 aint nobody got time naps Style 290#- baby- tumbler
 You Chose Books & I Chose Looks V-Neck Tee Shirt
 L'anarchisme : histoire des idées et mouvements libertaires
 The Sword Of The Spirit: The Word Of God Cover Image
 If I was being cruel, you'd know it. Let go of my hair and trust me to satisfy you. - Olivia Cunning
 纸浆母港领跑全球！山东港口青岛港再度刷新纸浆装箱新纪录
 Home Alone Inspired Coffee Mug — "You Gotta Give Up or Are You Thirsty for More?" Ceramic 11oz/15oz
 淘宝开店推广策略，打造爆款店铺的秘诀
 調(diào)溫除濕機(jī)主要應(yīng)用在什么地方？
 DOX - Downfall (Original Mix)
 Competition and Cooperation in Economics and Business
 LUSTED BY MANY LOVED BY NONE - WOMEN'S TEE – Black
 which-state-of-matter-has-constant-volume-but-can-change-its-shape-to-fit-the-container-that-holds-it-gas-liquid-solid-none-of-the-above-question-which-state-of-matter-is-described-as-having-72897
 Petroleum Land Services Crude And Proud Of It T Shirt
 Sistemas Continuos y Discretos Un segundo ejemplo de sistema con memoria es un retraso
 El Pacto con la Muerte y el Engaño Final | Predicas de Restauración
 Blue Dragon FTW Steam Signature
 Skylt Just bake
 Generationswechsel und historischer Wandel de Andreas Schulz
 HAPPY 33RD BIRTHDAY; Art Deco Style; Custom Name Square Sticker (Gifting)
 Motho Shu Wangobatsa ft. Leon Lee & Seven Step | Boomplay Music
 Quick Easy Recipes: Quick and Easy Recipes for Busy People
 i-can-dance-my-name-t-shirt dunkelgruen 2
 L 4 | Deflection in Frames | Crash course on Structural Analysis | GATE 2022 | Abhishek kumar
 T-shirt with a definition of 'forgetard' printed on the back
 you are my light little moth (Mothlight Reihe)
══════
→ **DIRECTIONS**
When a line in the material above includes "Style", report that line by copying it.

→ **EXERCISE OUTPUT**
 aint nobody got time naps Style 290#- baby- tumbler
 HAPPY 33RD BIRTHDAY; Art Deco Style; Custom Name Square Sticker (Gifting)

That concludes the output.